[Collection entries]
»»

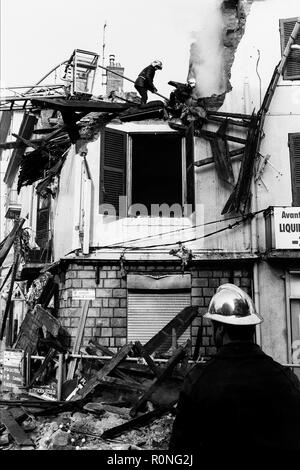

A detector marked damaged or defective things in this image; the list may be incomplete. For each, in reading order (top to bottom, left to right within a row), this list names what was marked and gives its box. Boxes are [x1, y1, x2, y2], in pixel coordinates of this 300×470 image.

broken window [278, 17, 300, 80]
broken window [100, 129, 195, 217]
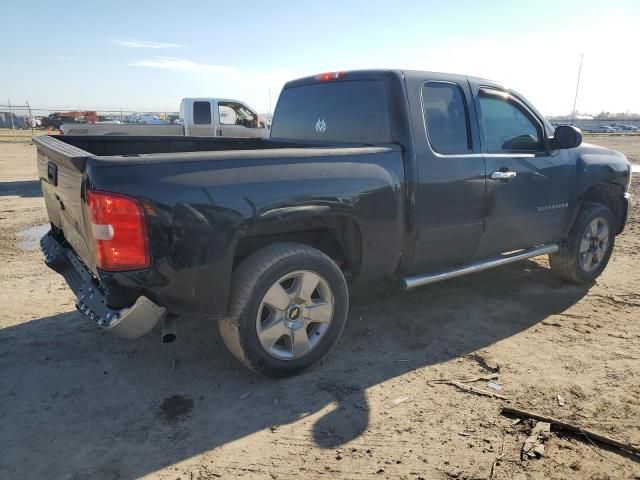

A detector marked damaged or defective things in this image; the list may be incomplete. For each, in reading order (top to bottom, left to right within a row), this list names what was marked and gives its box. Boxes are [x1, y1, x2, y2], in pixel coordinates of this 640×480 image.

damaged rear bumper [39, 232, 165, 338]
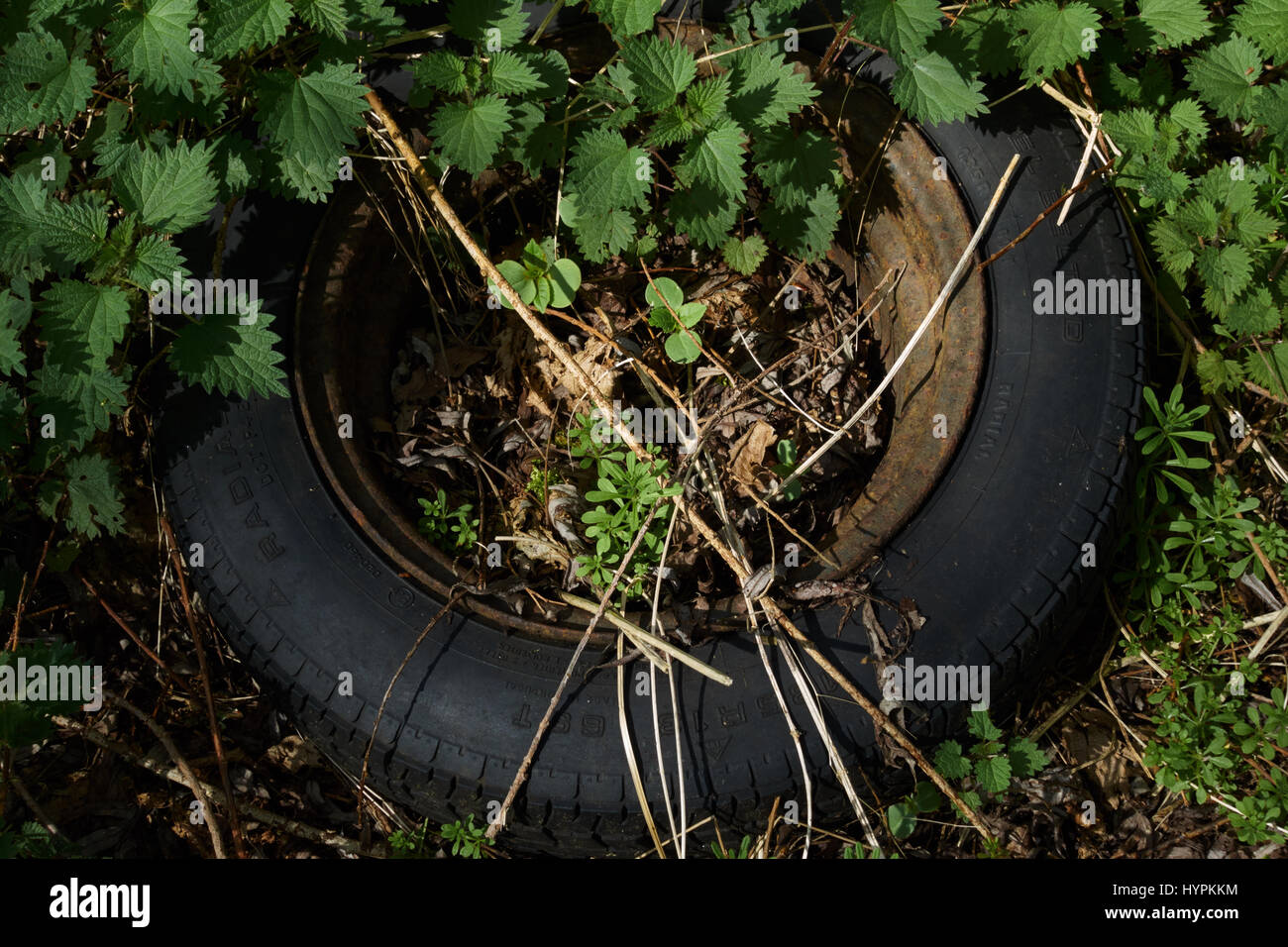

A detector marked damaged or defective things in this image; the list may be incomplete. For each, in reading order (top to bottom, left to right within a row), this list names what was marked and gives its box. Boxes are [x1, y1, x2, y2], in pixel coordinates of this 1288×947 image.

rust on rim [294, 56, 984, 644]
rusted metal rim [294, 66, 984, 644]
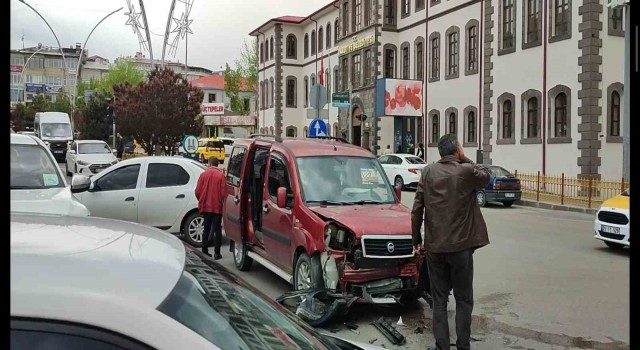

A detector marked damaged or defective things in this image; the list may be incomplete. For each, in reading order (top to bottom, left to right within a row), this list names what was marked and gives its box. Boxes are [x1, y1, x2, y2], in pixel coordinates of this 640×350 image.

damaged red van [222, 136, 428, 326]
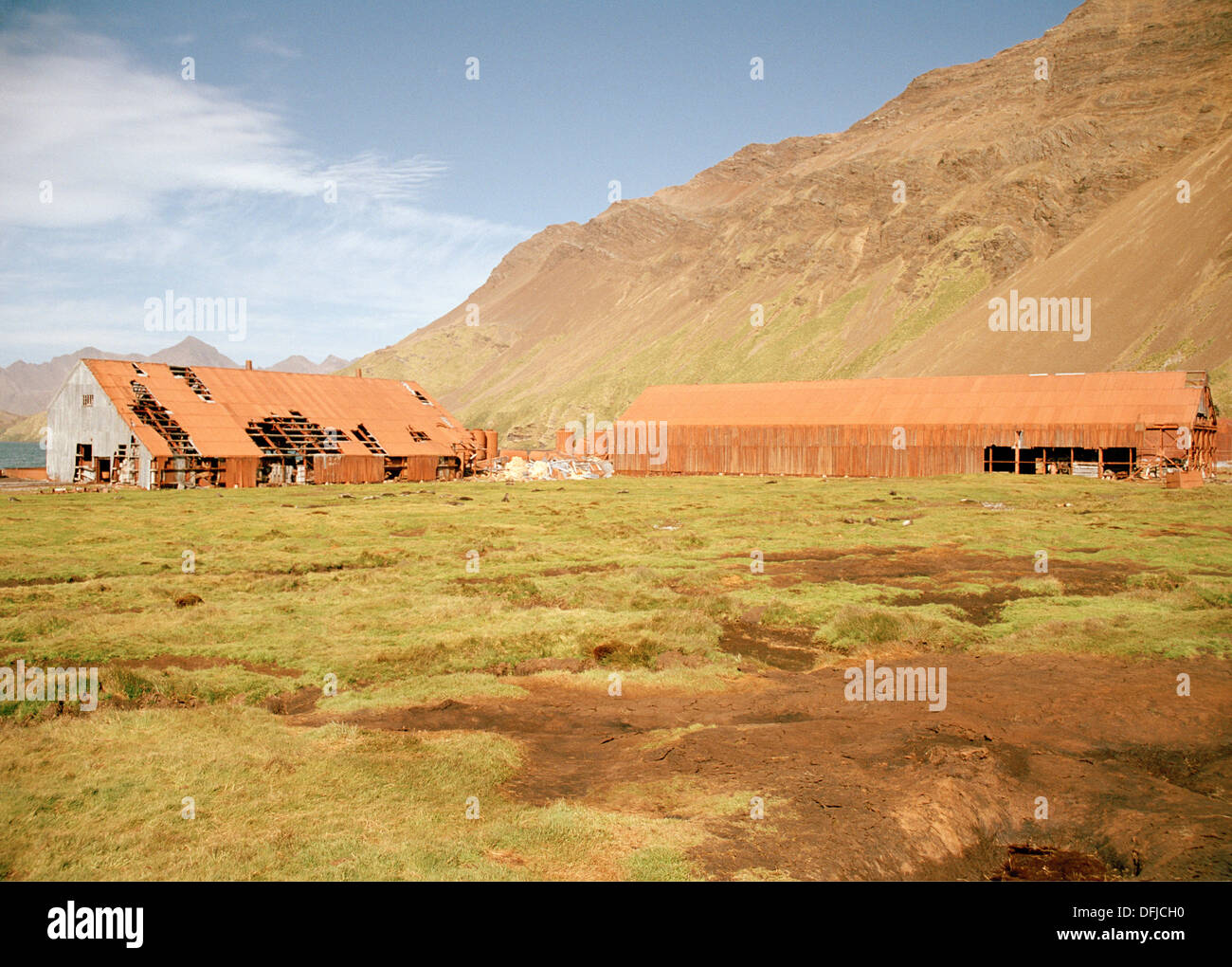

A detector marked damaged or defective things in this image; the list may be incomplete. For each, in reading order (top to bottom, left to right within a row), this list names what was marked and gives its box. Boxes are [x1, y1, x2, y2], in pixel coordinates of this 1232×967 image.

rusted corrugated roof [85, 360, 470, 459]
rusted corrugated roof [618, 374, 1205, 427]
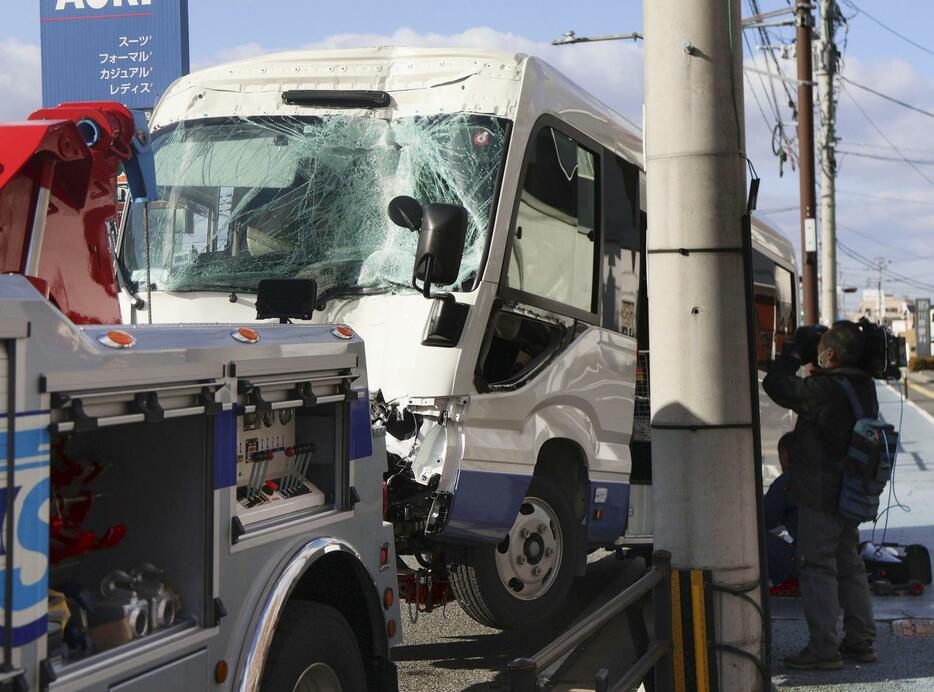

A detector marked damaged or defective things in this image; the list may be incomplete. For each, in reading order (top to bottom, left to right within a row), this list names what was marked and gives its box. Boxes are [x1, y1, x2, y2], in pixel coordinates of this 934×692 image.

shattered windshield [123, 113, 508, 294]
damaged white microbus [117, 47, 796, 628]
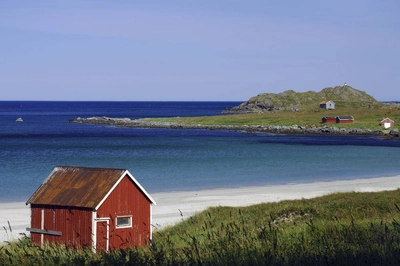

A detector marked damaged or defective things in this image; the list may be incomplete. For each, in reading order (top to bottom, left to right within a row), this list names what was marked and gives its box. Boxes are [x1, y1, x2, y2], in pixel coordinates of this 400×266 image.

rusty corrugated roof [26, 166, 156, 208]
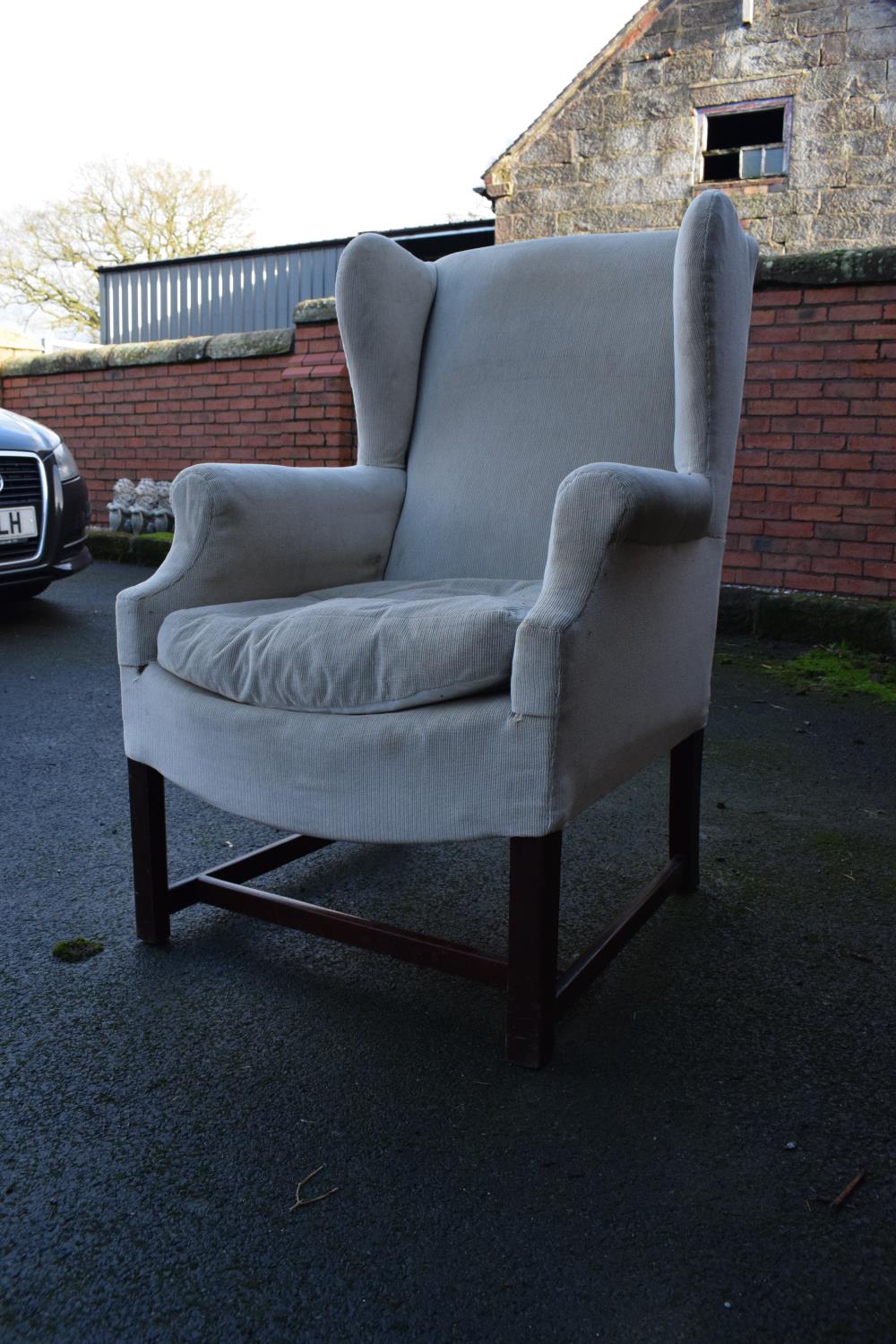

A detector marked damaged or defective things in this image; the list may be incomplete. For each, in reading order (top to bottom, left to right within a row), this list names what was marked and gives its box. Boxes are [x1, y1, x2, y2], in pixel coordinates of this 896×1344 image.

broken window [698, 98, 789, 184]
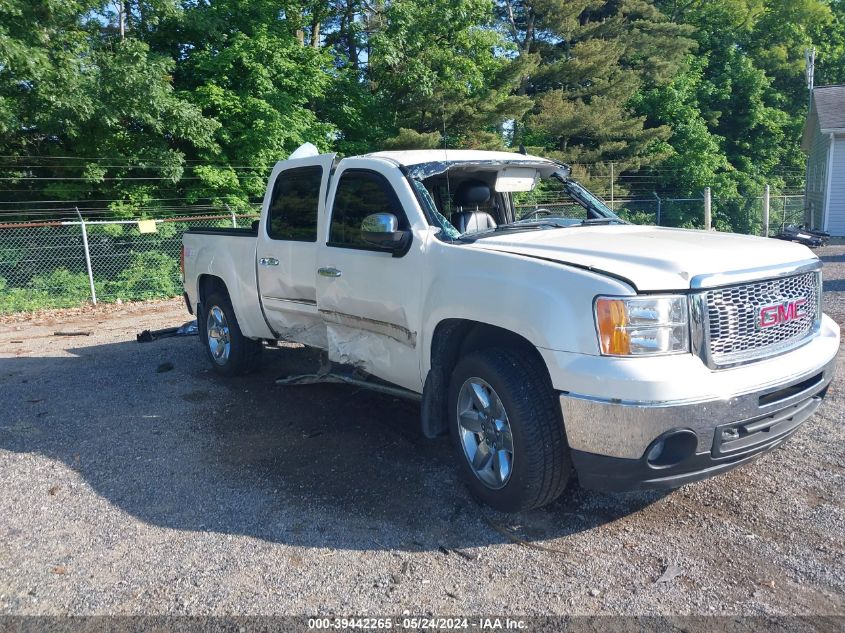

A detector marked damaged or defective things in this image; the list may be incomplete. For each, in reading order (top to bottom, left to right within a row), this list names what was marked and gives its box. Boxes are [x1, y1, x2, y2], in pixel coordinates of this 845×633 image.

damaged pickup truck [183, 144, 836, 508]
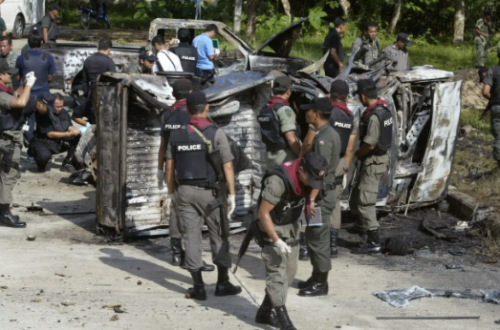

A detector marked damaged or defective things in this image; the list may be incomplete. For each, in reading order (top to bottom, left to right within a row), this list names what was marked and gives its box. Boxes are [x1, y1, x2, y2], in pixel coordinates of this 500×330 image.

burned vehicle [77, 19, 460, 236]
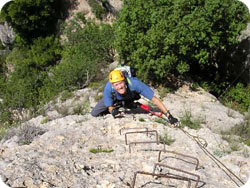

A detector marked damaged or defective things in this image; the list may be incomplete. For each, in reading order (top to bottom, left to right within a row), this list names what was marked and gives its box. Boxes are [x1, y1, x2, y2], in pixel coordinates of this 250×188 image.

rusty iron rung [158, 150, 199, 170]
rusty iron rung [131, 170, 191, 188]
rusty iron rung [153, 162, 200, 187]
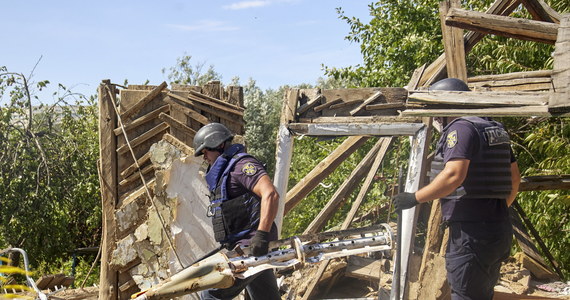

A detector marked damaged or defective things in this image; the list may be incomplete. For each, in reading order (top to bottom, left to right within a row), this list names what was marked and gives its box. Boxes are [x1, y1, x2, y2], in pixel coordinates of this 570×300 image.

damaged wooden structure [97, 80, 244, 300]
damaged wooden structure [270, 1, 564, 298]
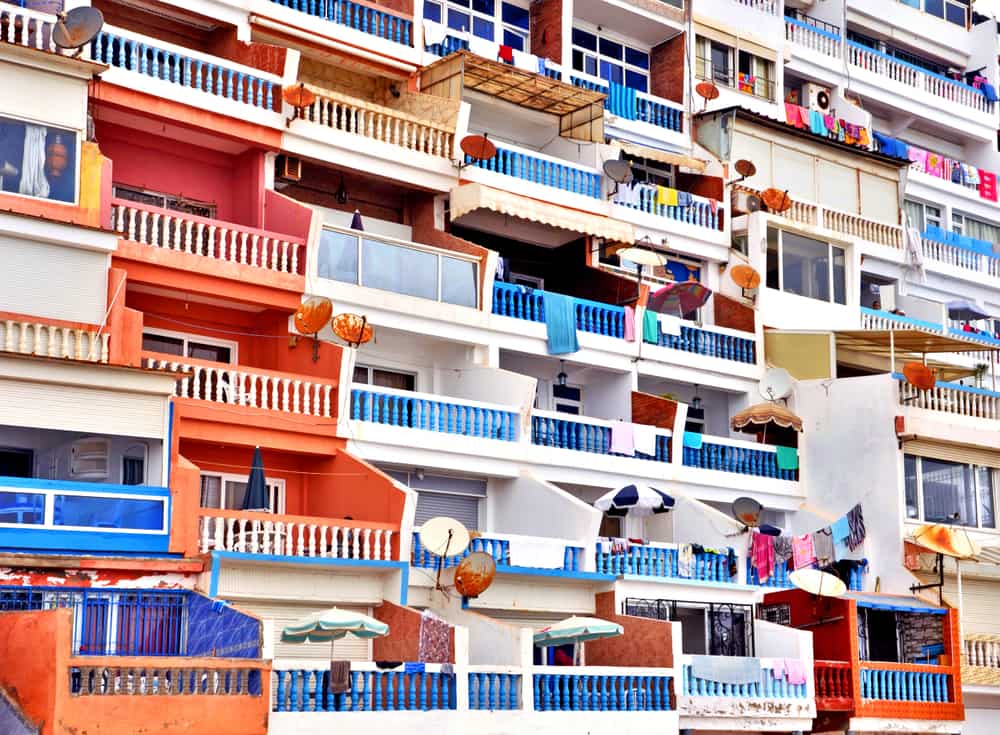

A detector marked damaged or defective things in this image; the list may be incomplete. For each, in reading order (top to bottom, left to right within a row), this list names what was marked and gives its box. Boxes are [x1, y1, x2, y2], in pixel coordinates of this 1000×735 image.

rusty satellite dish [52, 7, 103, 52]
rusty satellite dish [456, 552, 498, 600]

««

- _EXERCISE_: Print all of the data exactly, and do not carry over any pictures.

- _RESULT BELOW_:
A detector marked damaged or defective things in this image; the list may be incomplete. For each, in reading order (top to bottom, left to right within a row), this list names what was marked and gives its box. Boxes are [x1, y1, x2, y2], in pixel coordinates of this 300×470 image.

broken window [278, 17, 300, 80]
broken window [100, 129, 195, 217]

A detector marked damaged or defective things in this image; the list may be incomplete. For each, in reading order (top to bottom, left to right within a row), this list names what was marked and gives its box. Boxes are [x1, y1, x2, y2], in pixel coordinates of this 640×480 image.

damaged rear bumper [39, 232, 165, 338]

A detector marked damaged or defective things in this image; the list may be incomplete. For each, in reading order (top to bottom, left to right within a row), this list names what was marked and gives its box. Boxes are [x1, y1, x2, y2], in pixel coordinates of this 1288×947 image.

rust on rim [294, 56, 984, 644]
rusted metal rim [294, 66, 984, 644]

A detector marked damaged or defective things in this image; the list may be incomplete. For each, in reading order (top to bottom, left to right within a row), this list names what was marked and gives its box. Boxes are [x1, y1, x2, y2], in pixel coordinates of this 640×350 image.

damaged red van [222, 136, 428, 326]

A detector marked damaged or defective things in this image; the list may be incomplete. For each, in reading order (top to bottom, left to right within a row), this list names what was marked and gives its box. Boxes are [x1, y1, x2, y2], in pixel coordinates of this 1232×967 image.

rusted corrugated roof [85, 360, 470, 459]
rusted corrugated roof [618, 374, 1205, 427]

A detector marked damaged or defective things in this image; the list may be incomplete. For each, in reading order (top to bottom, left to right within a row), this list names what was marked and gives its box. Boxes are [x1, y1, x2, y2], in pixel coordinates of this 934×692 image.

shattered windshield [123, 113, 508, 294]
damaged white microbus [117, 47, 796, 628]

A detector marked damaged or defective things in this image; the list may be incomplete. For each, in reading order (top to bottom, left to right within a row), this list names what was marked and gives its box. Boxes are [x1, y1, x2, y2], in pixel coordinates of this 400×266 image.

rusty corrugated roof [26, 166, 156, 208]

A detector marked damaged or defective things in this image; the list may be incomplete. For each, in reading order (top to bottom, left to right within a row), this list names what was marked and gives its box. Boxes are [x1, y1, x2, y2], in pixel coordinates of this 896×1344 image.

broken window [698, 98, 789, 184]

A detector marked damaged or defective things in this image; the list may be incomplete. For each, in reading order (top to bottom, left to right within a row), this list names what was marked and gives its box. Boxes are [x1, y1, x2, y2], in pixel coordinates of this 845×633 image.

damaged pickup truck [183, 144, 836, 508]

A detector marked damaged or defective things in this image; the list may be incomplete. For each, in reading order (top to bottom, left to right within a row), this list names what was marked and gives its box. Boxes are [x1, y1, x2, y2], in pixel coordinates of this 500×330 image.

burned vehicle [77, 19, 460, 236]

A detector marked damaged or defective things in this image; the list may be incomplete. For each, in reading order (top to bottom, left to right within a row), this list names what was marked and gives its box. Boxes are [x1, y1, x2, y2], in pixel coordinates of this 250×188 image.

rusty iron rung [158, 150, 199, 170]
rusty iron rung [131, 170, 191, 188]
rusty iron rung [153, 162, 200, 187]

A detector marked damaged or defective things in this image; the list may be incomplete. For each, in reading order (top to bottom, left to right within a row), this list names what was marked and gives its box. Boxes are [x1, y1, x2, y2], in pixel coordinates of this 570×300 image.

damaged wooden structure [97, 80, 244, 300]
damaged wooden structure [270, 1, 564, 298]

A detector marked damaged or defective things in this image; the list may be incomplete. For each, in reading order (top to bottom, left to right within a row), this list names what was marked and gives its box. Boxes are [x1, y1, x2, y2], in pixel coordinates of this 1000×735 image.

rusty satellite dish [52, 7, 103, 52]
rusty satellite dish [456, 552, 498, 600]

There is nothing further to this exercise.